The Palwar Rajputs of Oudh have a witch ancestress. Soon after the birth of her son she was engaged in baking cakes. Her infant began to cry, and she was obliged to perform a double duty. At this juncture her husband arrived just in time to see his demon wife assume gigantic and supernatural proportions, so as to allow both the baking and nursing to go on at the same time. But finding her secret discovered, the witch disappeared, leaving her son as a legacy to her astonished husband. Here, though the story is incomplete, we have almost certainly, as in the case of Nona Chamarin, one of the Melusina type of legend, where the supernatural wife leaves her husband and children, because he violated some taboo, by which he is forbidden to see her in a state of nudity, or the like.

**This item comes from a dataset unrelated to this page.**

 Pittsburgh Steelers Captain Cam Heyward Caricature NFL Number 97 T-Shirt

 The history of witchcraft in India, as in Europe, is one of the saddest pages in the annals of the people. Today, the power of British law has almost entirely suppressed the horrible outrages which, under the native administration were habitually practiced. But particularly in the more remote and uncivilized parts of the country this superstition still exists in the minds of the people and occasional indications of it, which appear in our criminal records, are quite sufficient to show that any relaxation of the activity of our magistrates and police would undoubtedly lead to its revival in some of its more shocking forms.

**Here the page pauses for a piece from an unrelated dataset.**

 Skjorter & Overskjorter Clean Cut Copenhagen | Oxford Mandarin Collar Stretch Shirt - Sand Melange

 The aborigines of In die live in great fear of ghosts and invisible spirits, and a considerable portion of their time is given up to averting the evil influences of these. Protective of every description litter their houses, and the approaches to them, and they wear numerous amulets for the purpose of averting evil influences, Regarding these, Mr. Crooks says Some of the Indian ghosts, like the Ifrit of the Arabian Nights, can grow to the length of ten yojanes or eighty miles. In one of the Bengal tales a ghost is identified because she can stretch out her hands several yards for a vessel. Some ghosts possess the very dangerous power of entering human corpses, like the Vetala, and swelling to an enormous size. The Kharwars of Mirzapur have a wild legend, which tells how long ago an unmarried girl of the tribe died, and was being cremated. While the relations were collecting wood for the pyre, a ghost entered the corpse. but, the friends managed to expel him. Since then great care is taken not to leave the bodies of women unwatched. So, in the Panjab, when a great person is cremated the bones and ashes are carefully watched till the fourth day, to prevent a magician interfering with them. If he has a chance, he can restore the deceased to life, and ever after retain him under hIs influence. This is the origin of the custom in Great Britain of waking the dead, a practice which ‘most probably originated from a silly superstition as to the danger of a corpse being carried off by some of the agents of the invisible world, or exposed to the ominous liberties of brute animals.’ But in India it is considered the best course, if the corpse cannot be immediately disposed of, to measure it carefully, and then no malignant Bhut can occupy it.

Most of the ghosts whom we have been as yet considering are malignant. There are, however, others which are friendly. Such are the German Elves, the Robin Good-fellow, Puck, Brownie and the Cauld Lad of Hilton of England, the Glasban of the Isle of Man, the Phouka or Leprehann of Ireland. Such, in one of his many forms, is the Brahmadaitya, or ghost of a Brahman who has died unmarried. In Bengal, he is believed to be more neat and less mischievous than other ghosts. The Bbuts carry him in a palanquin, and he wears wooden sandals and lives in a Banyan tree.